The winning paper of the Institute’s Corporate Governance Paper Competition 2016 argues in favour of an inclusive stakeholder approach to corporate governance.
This submission advocates an inclusive stakeholder model for the implementation of better corporate governance. In particular, it departs from the traditional emphasis on the key internal stakeholders of a corporation. A step-by-step approach is adopted here to highlight the interdependence of our five-stage inclusive stakeholder model of corporate governance. This submission aims to unite all the internal and external stakeholders to shoulder their share of responsibility and to contribute to better corporate governance through collective action.
Defining corporate governance
It is central to our submission that the ideal state of corporate governance should be inclusive of all stakeholders. In this submission, corporate governance is defined as the relationship between the internal and external stakeholders that have influence on the operations of a corporation. The definition stated here is modified in three ways. Firstly, external non-shareholding stakeholders, such as market intermediaries and regulators, are included. Secondly, more internal stakeholders, such as management and staff, are included. Thirdly, a new arena, other than the regulatory and market spheres, should be constructed to bring together the forces of activist bodies, media and the community at large.

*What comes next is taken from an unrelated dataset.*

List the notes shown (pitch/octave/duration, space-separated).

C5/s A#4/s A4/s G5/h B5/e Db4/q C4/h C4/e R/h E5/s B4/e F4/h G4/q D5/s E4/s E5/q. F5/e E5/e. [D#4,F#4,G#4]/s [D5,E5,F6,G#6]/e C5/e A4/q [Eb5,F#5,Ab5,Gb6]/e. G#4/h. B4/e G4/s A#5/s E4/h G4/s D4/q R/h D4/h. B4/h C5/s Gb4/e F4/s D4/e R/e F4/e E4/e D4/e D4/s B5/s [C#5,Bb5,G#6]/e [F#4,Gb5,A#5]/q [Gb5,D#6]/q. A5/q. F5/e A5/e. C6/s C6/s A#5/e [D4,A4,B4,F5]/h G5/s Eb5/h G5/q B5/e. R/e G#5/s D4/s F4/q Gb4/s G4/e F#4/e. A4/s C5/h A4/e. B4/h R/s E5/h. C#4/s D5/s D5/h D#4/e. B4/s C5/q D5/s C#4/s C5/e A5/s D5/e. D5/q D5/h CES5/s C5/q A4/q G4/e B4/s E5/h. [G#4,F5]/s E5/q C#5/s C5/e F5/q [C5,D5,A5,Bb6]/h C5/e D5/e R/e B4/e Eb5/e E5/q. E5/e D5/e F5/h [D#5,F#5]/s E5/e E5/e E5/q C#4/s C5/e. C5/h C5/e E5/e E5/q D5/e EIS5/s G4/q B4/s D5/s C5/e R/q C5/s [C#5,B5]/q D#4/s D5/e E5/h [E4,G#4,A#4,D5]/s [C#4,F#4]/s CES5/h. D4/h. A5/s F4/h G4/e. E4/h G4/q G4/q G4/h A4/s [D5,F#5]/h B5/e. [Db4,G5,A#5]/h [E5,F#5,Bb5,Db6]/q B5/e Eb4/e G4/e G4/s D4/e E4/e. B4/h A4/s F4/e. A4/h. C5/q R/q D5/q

Having adopted an inclusive stakeholder model, what are the model’s implications for corporate governance? The first implication is that different stakeholders may hold varied opinions on the meaning of corporate governance. Although corporate governance as a process seeks to involve all stakeholders, corporate governance as a standard consists of universal values. The World Bank has defined corporate governance succinctly as generating ‘long-term economic value for its shareholders, while respecting the interest of stakeholders and society as a whole’. As a result, achieving better corporate governance is about striking a sustainable balance between stakeholders and should not be compromised by any individual powerful stakeholder.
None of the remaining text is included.